# Week 2 — Hugging Face & Transformers: Using Pretrained Models

This notebook walks through the essentials for **using Hugging Face**. We treat:
- Selecting checkpoints and using pipelines
- Manual tokenization and model forward passes
- Generation parameters and devices
- Batching with `datasets`
- Caching, offline mode, and revisions
- Optional: Hosted Inference API

Use the opportunity to play and vary the different parameters of the model to get an idea on their influence on the outcome.


## Setup
Install the core libraries (CPU by default). If you have a GPU, install the appropriate PyTorch build and optionally `bitsandbytes`.

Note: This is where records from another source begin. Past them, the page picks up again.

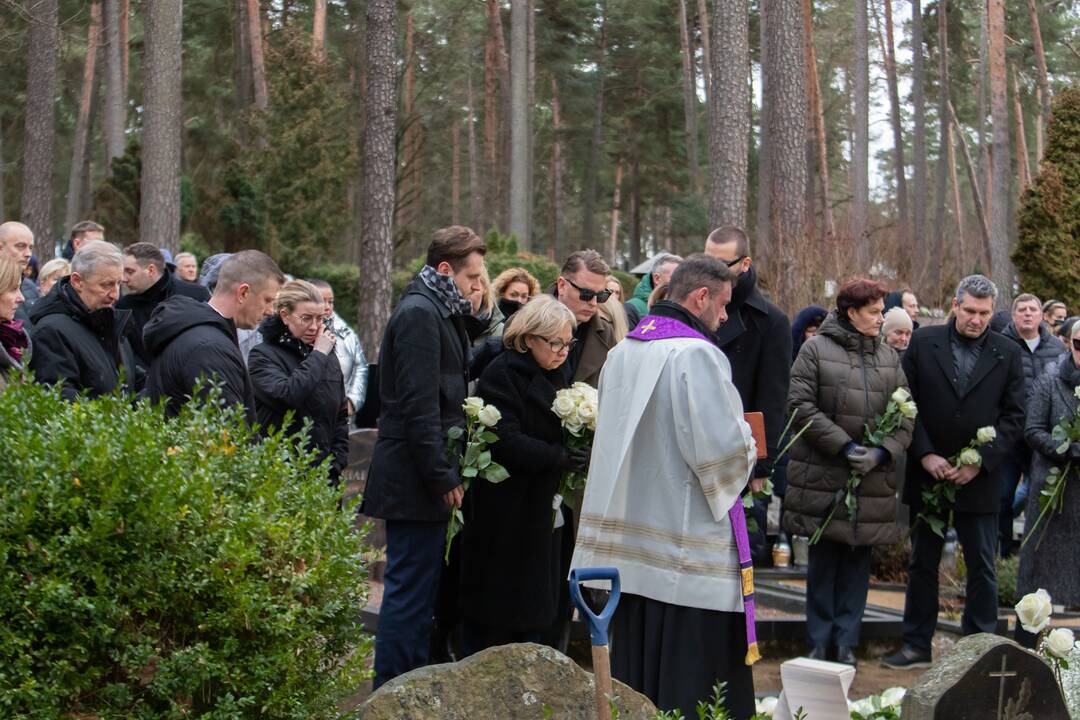 A. Jagelavičiūtės laidotuvės Karmėlavos kapinėse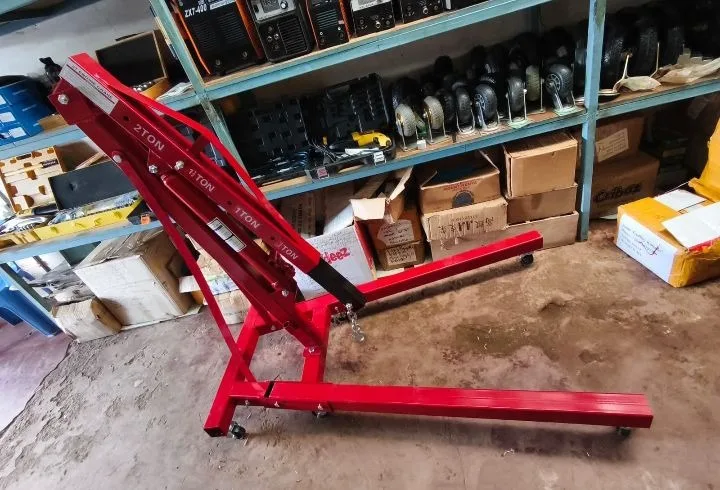 2T ENGINE CRANE FOR SALE 3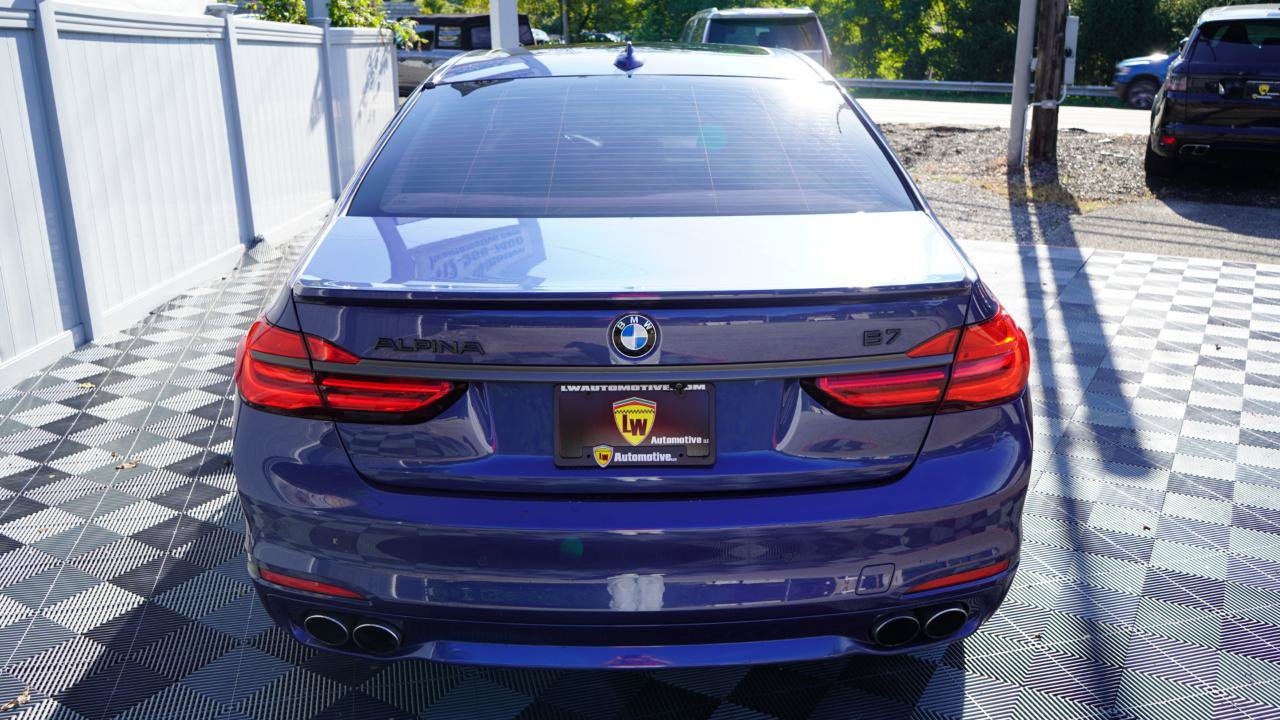 Used 2018 BMW ALPINA B7 xDrive AWD/4WD image 10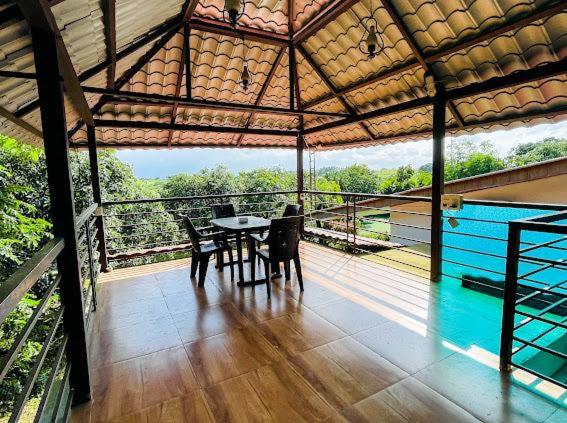 בית מלון כפרי La Natura Villa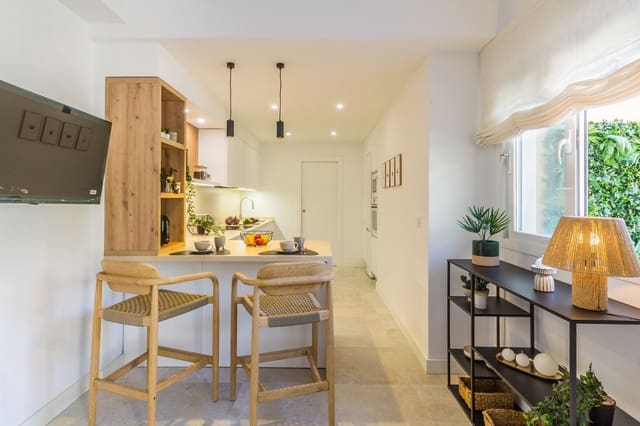 2 slaapkamer Appartement te huur in Almuñécar met zwembad garage - € 1.250 (Ref: 9912356)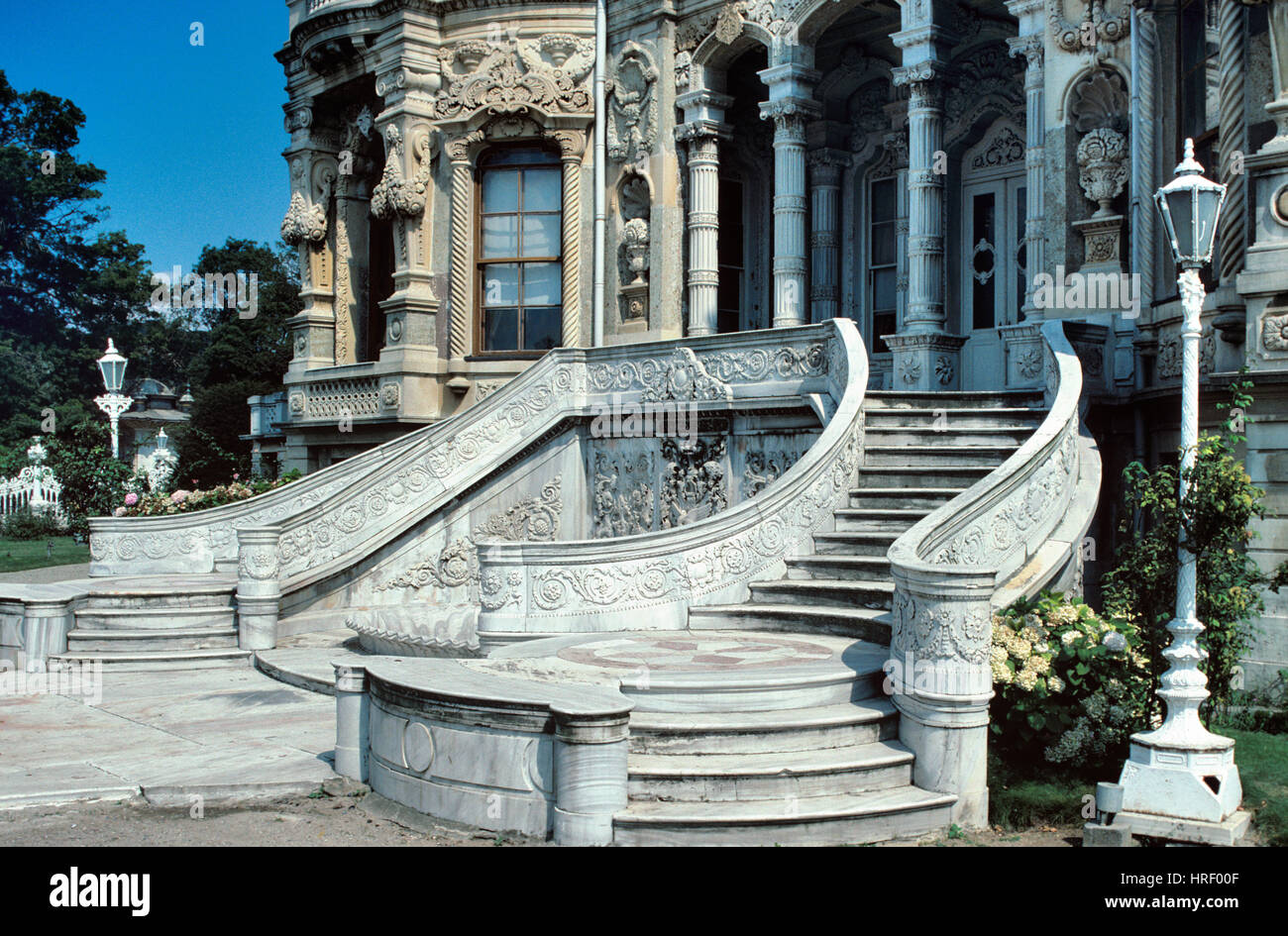 Reich verzierte barocke Marmortreppe oder Treppe in Barock Stil Kücüksu Palast oder Sommerpavillon am asiatischen Ufer des Bosporus oder Bosporus Meerenge-Istanbul-Türkei Stockfoto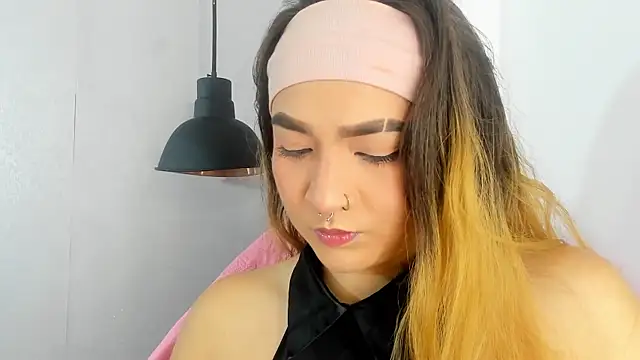 Snapshot of Shanntal_ chatting on October 17, 2:19 pm Shanntal online show from October 17, 2:19 pm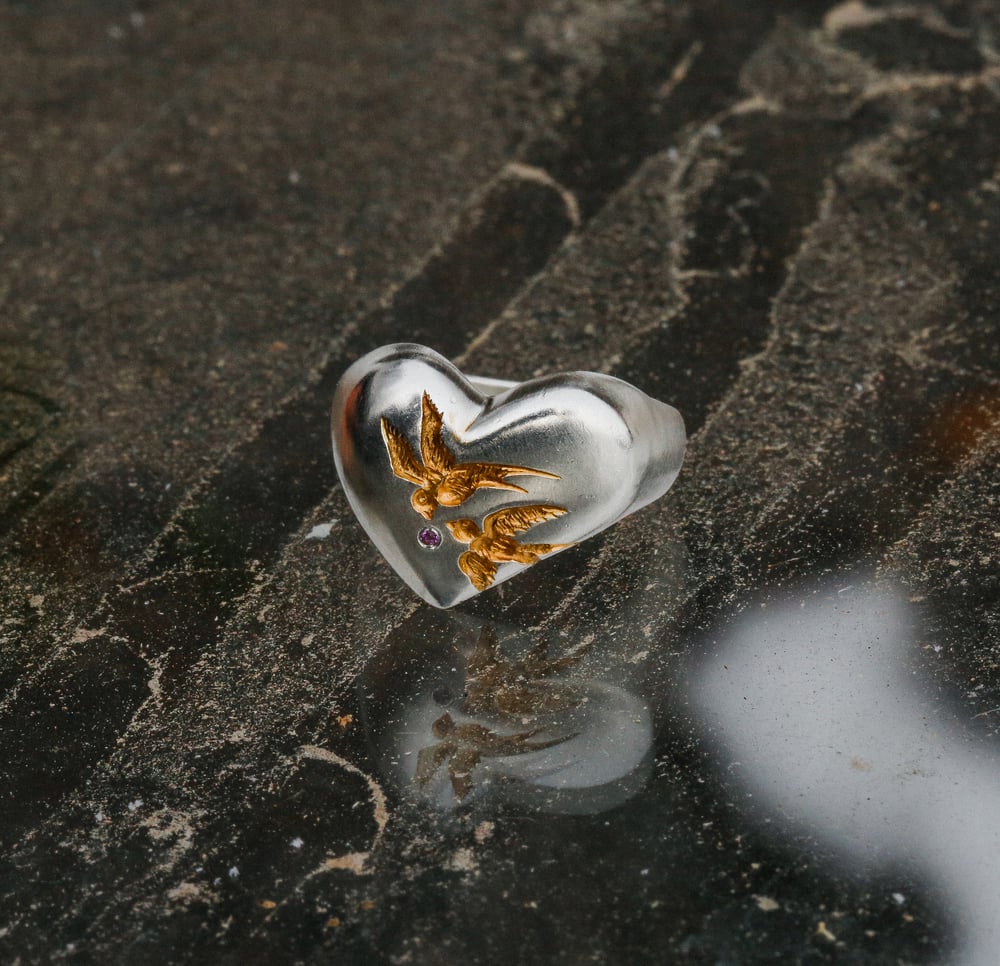 Image of Lovebird Signet 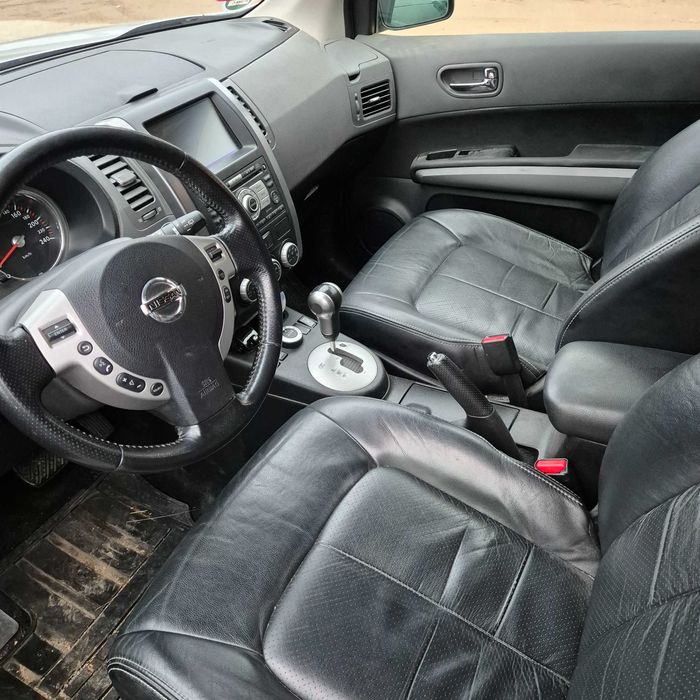 Vând Nissan X-Trail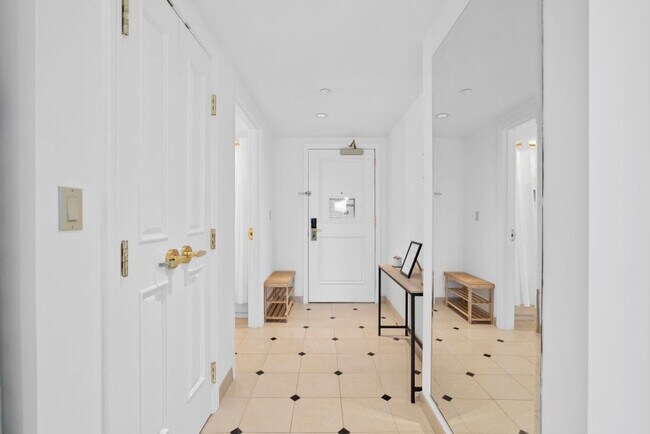 Building Photo - 848 Pacific Ave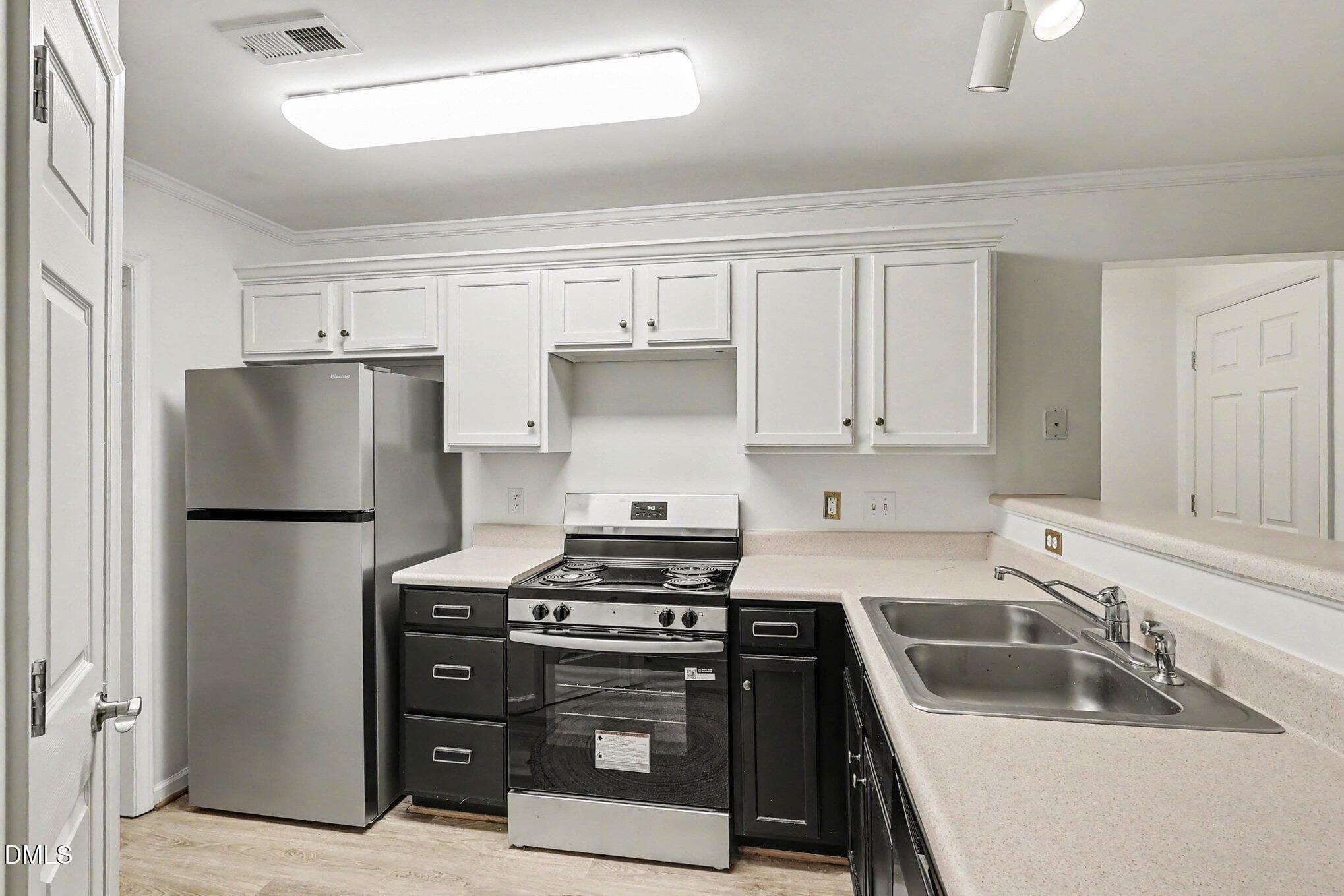 010_file_4050 - 2950 Trailwood Pines Lane 104, Raleigh, NC 27603, Raleigh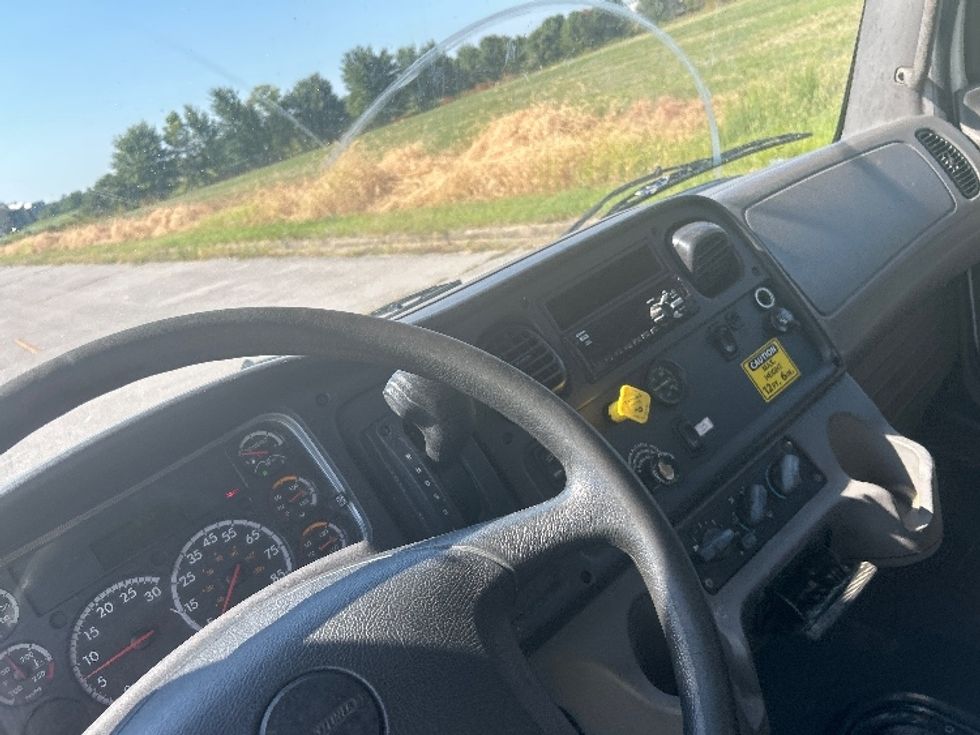 Medium Duty Box Truck-Light and Medium Duty Trucks-Freightliner-2020-M2-Evansville-IN-209,451\n\t\tmiles-$ 48,750 - Image 17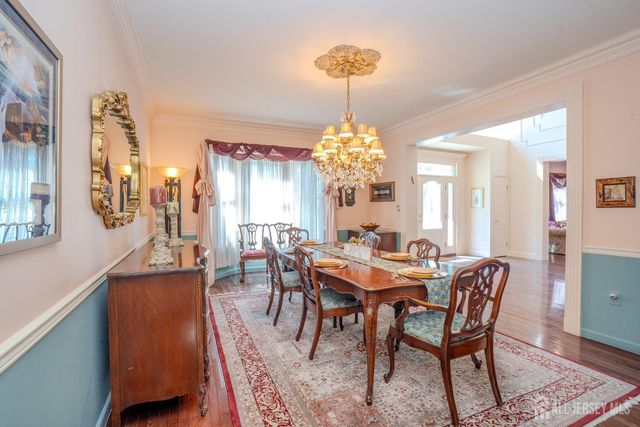 8 Marian Drive, West Windsor, NJ 08550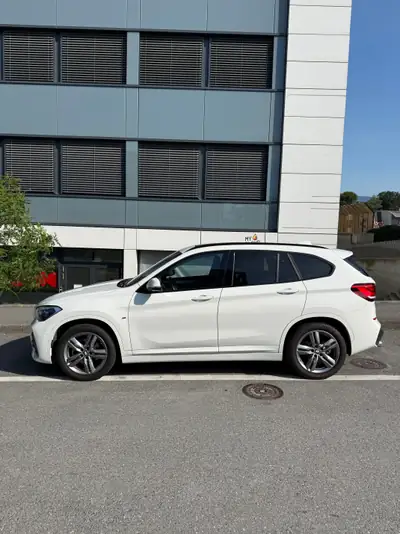 BMW X1 18d xDrive — SUV compact diesel, 59'000 km, sans sinistre — Innenraum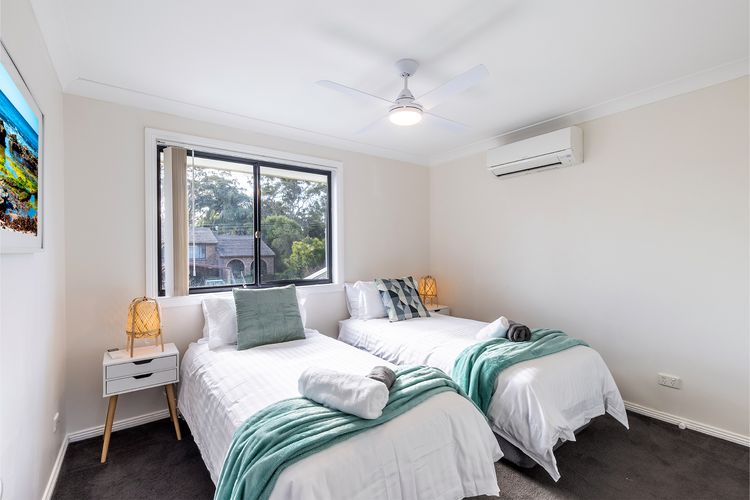 Akoya House, 122 Tomaree Rd – Pet friendly, linen,  air conditioning, WiFi and boat parking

- Definition: An HF token is a personal key for accessing gated/private repos or hosted inference.
- Why: Some models require accepting a license; hosted endpoints need to know who is calling.

- Terminal: `pip install -U transformers datasets huggingface_hub accelerate safetensors`
- GPU (optional): `pip install bitsandbytes` and a CUDA-enabled torch wheel.

Authentication is only needed for gated/private repos or the hosted Inference API. You can either run `huggingface-cli login` or set `HF_TOKEN` in your environment.


In [12]:
import os
import torch
import accelerate
from transformers import (
    pipeline,
    AutoTokenizer,
    AutoModelForSequenceClassification,
    AutoModelForCausalLM,
)
from datasets import load_dataset

HF_TOKEN = os.getenv('HF_TOKEN') or os.getenv('HUGGINGFACEHUB_API_TOKEN')
DEVICE = 'cuda' if torch.cuda.is_available() else ('mps' if torch.backends.mps.is_available() else 'cpu')
DEVICE


'cpu'

## 1) Pipelines: Quick Inference
- Definition: A pipeline bundles the right tokenizer, model, and postprocessing for a task.
- Why: It reduces moving parts so you can confirm the model works before customizing.


In [13]:
# Sentiment analysis (binary SST-2)
sent_clf = pipeline(
    'text-classification',
    model='distilbert-base-uncased-finetuned-sst-2-english',
    device_map='auto'
)
sent_clf(['I love data!', 'This is terrible...'])


Device set to use cpu


[{'label': 'POSITIVE', 'score': 0.9998714923858643},
 {'label': 'NEGATIVE', 'score': 0.9997186064720154}]

In [14]:
# Fill-mask
mlm = pipeline('fill-mask', model='bert-base-uncased', device_map='auto')
mlm('Paris is the [MASK] of France.')


Some weights of the model checkpoint at bert-base-uncased were not used when initializing BertForMaskedLM: ['bert.pooler.dense.bias', 'bert.pooler.dense.weight', 'cls.seq_relationship.bias', 'cls.seq_relationship.weight']
- This IS expected if you are initializing BertForMaskedLM from the checkpoint of a model trained on another task or with another architecture (e.g. initializing a BertForSequenceClassification model from a BertForPreTraining model).
- This IS NOT expected if you are initializing BertForMaskedLM from the checkpoint of a model that you expect to be exactly identical (initializing a BertForSequenceClassification model from a BertForSequenceClassification model).
Device set to use cpu


[{'score': 0.9969370365142822,
  'token': 3007,
  'token_str': 'capital',
  'sequence': 'paris is the capital of france.'},
 {'score': 0.0005914855282753706,
  'token': 2540,
  'token_str': 'heart',
  'sequence': 'paris is the heart of france.'},
 {'score': 0.0004378748417366296,
  'token': 2415,
  'token_str': 'center',
  'sequence': 'paris is the center of france.'},
 {'score': 0.0003378352848812938,
  'token': 2803,
  'token_str': 'centre',
  'sequence': 'paris is the centre of france.'},
 {'score': 0.00026995810912922025,
  'token': 2103,
  'token_str': 'city',
  'sequence': 'paris is the city of france.'}]

In [15]:
# Text generation (small model for speed)
gen = pipeline('text-generation', model='gpt2', device_map='auto')
gen('Once upon a time', max_new_tokens=40, do_sample=True, temperature=0.8)

Device set to use cpu
Setting `pad_token_id` to `eos_token_id`:50256 for open-end generation.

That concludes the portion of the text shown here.